Analysts Raise Apple’s Price Target Over Carriers, Beats, and More
Several more analysts recently raised their price targets on Apple (NASDAQ:AAPL) as the stock continues to climb this morning. First up is Wells Fargo analyst Maynard Um, who raised his “valuation range” on Apple shares to $595.00 to $640.00 from a previous range of $515 to $585, according to a note issued to investors on Friday. However, Um maintained a “Market Perform” rating on Apple and his overall investment thesis on the company remains unchanged.
Um justified raising his valuation range on Apple based on the company’s recent additions to its iPhone carrier portfolio. According to Um, Apple “seems to have gotten more aggressive in the last six months on a relative basis” after recently adding seven more iPhone carriers. The Wells Fargo analyst noted that Apple now has 323 iPhone carriers, up from the 316 it had last month. However, the increasing number of iPhone carriers becomes even more apparent when looking at the data from last year. Apple only had 280 iPhone carriers in October of 2013, according to data cited by Um. Apple’s increased number of carrier partners followed “a fairly stable 2011/2012” when the number of carriers did not change dramatically.
As noted by Um, this increase in the number of carriers is a double-edged sword for some aspects of Apple’s iPhone business, especially since many of the new carriers specialize in prepaid wireless services. “Apple iPhone units likely benefited from the large increase in carriers,” wrote Um. “Though ASP [average selling price] may have been affected by a skew to smaller or prepaid focused carriers.”

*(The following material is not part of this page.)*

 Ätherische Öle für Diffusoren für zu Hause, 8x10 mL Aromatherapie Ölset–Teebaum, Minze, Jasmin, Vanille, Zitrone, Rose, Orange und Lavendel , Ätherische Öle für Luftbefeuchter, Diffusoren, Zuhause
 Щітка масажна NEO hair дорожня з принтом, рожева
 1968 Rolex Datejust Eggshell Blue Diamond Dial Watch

Although the addition of prepaid carriers will likely boost the sales of Apple’s lower end legacy devices, Um believes that the seasonal iPhone sell-in during the June quarter could offset the impact on ASP, while the company’s overall sales numbers will likely grow. Um also noted that “there aren’t many negative catalysts through the fall” when Apple is expected to unveil new iPhone models and possibly new product categories.
Despite his rosy picture of Apple’s near-term future, Um still believes that Apple will eventually need to choose between ASP/margin and units, since the analyst doesn’t believe the iPhone maker can maintain both. He also reiterated his investment thesis that focuses on concerns about gross margin pressure in the iPhone 6 cycle, limited market cap opportunity in existing product segments, and a shifting balance of power in the smartphone market that favors wireless operators.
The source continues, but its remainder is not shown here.